Paste paves way for a better life

Basheerunisa Begum is determined to educate her granddaughters by selling homemade ginger-garlic paste

June 07, 2016 03:27 pm | Updated October 18, 2016 12:43 pm IST - Hyderabad:

Basheerunisa Begum

Basheerunisa Begum

Ever imagined yourself sitting down all day long to peel loads of garlic in preparation of making ginger-garlic paste? Buying ginger garlic paste is an easier option, but if you are a sucker for all things fresh and unadulterated, then you’d probably make your own fresh ginger-garlic paste. Store-bought paste can never match the taste and aroma of the dishes made with homemade paste, purists insist.

Capitalising on the huge demand for fresh ginger-garlic paste, 85-year-old Basheerunisa Begum has turned entrepreneur, just to support the education of her three grand daughters. The enterprise has now turned into a small way of sustenance.

The chubby octogenarian who chuckles like a baby at things she finds funny, reacts like an excited kid while narrating stories of people she meets, even as she walks at a pace that have many of us struggling to catch up. She is no hot-shot entrepreneur with a sound financial background.

Her story in her own words: “When I lost my husband at the age of 25, my son Syed Abdul Raoof was 3 months old and all I knew was Urdu and Arabic. I wasn’t skilled to do other things. My grief wouldn’t feed us and I couldn’t depend on others to run my home. So, I began tutoring children in Urdu and Arabic and earned enough to sustain both of us,” she recalls as she sits clutching a cold glass of water.

“Thankfully the house was our own. So it saved us from the trouble of rents and house searches. I was grief-stricken but I wasn’t ready to marry someone else just because I was helpless. My goal was to educate my son, somehow. He studied till Std X and has very beautiful handwriting. Now he writes on vehicles as a painter.”

So, how did this part-time Urdu and Arabic teacher begin selling ginger garlic? “I was getting old and visiting homes to teach was getting difficult. In one of the homes where I used to teach Arabic, the lady asked me if there’s a way she could get fresh ginger garlic paste. Unadulterated at that. I readily said, ‘I will make it for you.’ From there I got the idea and have been making paste and even selling peeled ginger and garlic,” says Basheerunisa.

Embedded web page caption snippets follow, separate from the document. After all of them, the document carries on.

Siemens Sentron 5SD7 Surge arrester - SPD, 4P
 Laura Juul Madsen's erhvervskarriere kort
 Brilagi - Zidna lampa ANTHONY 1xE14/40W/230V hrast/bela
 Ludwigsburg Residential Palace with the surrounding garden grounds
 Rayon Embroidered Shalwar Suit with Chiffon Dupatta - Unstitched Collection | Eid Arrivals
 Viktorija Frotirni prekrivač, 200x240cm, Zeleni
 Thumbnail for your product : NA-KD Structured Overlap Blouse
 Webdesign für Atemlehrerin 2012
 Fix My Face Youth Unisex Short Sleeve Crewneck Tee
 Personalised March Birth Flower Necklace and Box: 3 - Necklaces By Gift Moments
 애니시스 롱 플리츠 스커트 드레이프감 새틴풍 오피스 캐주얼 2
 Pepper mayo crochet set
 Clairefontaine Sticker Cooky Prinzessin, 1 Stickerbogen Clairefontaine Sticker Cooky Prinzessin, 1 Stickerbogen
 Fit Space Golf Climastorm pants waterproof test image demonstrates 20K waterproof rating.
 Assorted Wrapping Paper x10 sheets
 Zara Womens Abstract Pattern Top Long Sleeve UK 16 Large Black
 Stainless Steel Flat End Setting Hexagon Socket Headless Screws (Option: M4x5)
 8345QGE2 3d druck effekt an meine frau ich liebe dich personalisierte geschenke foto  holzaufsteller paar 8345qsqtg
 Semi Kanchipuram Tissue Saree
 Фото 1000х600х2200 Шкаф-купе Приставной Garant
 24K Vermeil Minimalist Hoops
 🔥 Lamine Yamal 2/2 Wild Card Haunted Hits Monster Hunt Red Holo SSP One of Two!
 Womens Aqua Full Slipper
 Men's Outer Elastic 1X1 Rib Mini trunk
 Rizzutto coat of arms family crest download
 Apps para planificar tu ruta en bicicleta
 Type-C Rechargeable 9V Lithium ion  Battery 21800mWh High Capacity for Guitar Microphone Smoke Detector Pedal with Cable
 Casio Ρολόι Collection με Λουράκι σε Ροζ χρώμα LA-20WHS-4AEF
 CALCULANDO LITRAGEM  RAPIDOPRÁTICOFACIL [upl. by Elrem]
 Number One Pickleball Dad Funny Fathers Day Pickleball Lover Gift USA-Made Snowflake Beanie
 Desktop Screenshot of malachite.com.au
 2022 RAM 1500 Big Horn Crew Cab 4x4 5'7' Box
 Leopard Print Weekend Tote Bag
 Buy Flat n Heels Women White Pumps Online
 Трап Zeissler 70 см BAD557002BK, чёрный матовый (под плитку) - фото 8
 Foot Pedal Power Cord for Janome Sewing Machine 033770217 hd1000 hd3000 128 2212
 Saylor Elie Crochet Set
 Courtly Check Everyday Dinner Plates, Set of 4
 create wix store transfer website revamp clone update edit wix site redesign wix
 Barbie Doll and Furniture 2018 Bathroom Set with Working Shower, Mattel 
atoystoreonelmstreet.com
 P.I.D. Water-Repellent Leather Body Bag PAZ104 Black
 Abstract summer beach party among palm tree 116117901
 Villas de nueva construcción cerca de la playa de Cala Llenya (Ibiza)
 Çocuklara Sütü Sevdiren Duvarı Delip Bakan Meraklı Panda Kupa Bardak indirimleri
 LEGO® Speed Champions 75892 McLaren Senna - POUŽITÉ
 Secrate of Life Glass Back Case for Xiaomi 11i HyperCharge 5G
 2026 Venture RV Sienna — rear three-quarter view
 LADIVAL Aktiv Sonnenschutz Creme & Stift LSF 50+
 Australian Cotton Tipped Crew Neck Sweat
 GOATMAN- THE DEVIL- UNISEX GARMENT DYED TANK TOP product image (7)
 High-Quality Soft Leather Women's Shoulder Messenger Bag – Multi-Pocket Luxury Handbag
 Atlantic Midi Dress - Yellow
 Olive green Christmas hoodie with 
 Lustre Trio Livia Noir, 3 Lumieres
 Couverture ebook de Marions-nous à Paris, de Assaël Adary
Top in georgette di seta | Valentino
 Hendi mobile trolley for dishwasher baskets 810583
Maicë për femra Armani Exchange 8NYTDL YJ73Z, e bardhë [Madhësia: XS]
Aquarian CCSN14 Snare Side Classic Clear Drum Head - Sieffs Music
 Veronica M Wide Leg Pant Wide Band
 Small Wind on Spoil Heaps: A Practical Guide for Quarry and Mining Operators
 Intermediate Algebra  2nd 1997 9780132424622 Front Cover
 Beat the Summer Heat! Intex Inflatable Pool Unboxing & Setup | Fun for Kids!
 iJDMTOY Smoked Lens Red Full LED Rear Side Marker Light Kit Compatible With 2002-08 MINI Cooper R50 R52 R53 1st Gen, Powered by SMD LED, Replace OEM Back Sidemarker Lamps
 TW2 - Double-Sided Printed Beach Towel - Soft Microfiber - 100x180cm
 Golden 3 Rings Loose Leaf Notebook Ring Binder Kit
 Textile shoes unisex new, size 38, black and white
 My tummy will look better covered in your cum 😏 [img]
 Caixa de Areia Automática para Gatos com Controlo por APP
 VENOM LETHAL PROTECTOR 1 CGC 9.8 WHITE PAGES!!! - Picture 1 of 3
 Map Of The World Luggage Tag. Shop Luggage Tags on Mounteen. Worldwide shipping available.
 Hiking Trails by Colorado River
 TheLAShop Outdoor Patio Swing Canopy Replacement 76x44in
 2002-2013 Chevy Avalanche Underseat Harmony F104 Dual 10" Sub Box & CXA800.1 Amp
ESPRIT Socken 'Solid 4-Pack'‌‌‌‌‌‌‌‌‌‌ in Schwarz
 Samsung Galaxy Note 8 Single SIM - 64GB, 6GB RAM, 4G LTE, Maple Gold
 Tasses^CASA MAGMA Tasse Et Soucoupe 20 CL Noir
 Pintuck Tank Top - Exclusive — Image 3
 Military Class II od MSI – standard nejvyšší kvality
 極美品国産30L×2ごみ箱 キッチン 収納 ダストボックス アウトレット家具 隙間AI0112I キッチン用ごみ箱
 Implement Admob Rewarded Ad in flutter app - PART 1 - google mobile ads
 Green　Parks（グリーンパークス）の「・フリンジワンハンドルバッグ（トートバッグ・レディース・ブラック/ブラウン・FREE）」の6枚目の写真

Her day begins with peeling and goes onto grinding in the right proportion, till dusk, until she has finished her quota for an order. She says, initially her neck hurt and she found the job boring. “But slowly, this became a habit, now I do it quite easily. My daughter-in-law helps me and my grand daughters join us occasionally.”

She delivers the finished paste or peeled ginger and garlic on her own, travelling by bus or on foot from LB Nagar where she resides to places like Banjara Hills and Jubilee Hills. Apart from her regular loyal customers, she also takes party orders. “All the good people I met have helped me make a decent earning to educate my grand daughters,” says Basheerunisa pointing towards Mujtaba Hasan Askari of Helping Hand Foundation — a registered NGO which works for the disadvantaged sections of the society in the Health and Medical care. They also provide guidance, counseling, advocacy and financial assistance to the disadvantaged sections of the society. Mujtaba is now quietly spreading the word to help Basheerunissa sell more.

It was Basheerunissa’s grit and determination that helped educate her three grand daughters; they now want to pursue higher studies. “One has completed her engineering; and wants to do MS and then teach. The other completed her degree and my youngest granddaughter scored very well in her Inter 1st year,” she says with pride.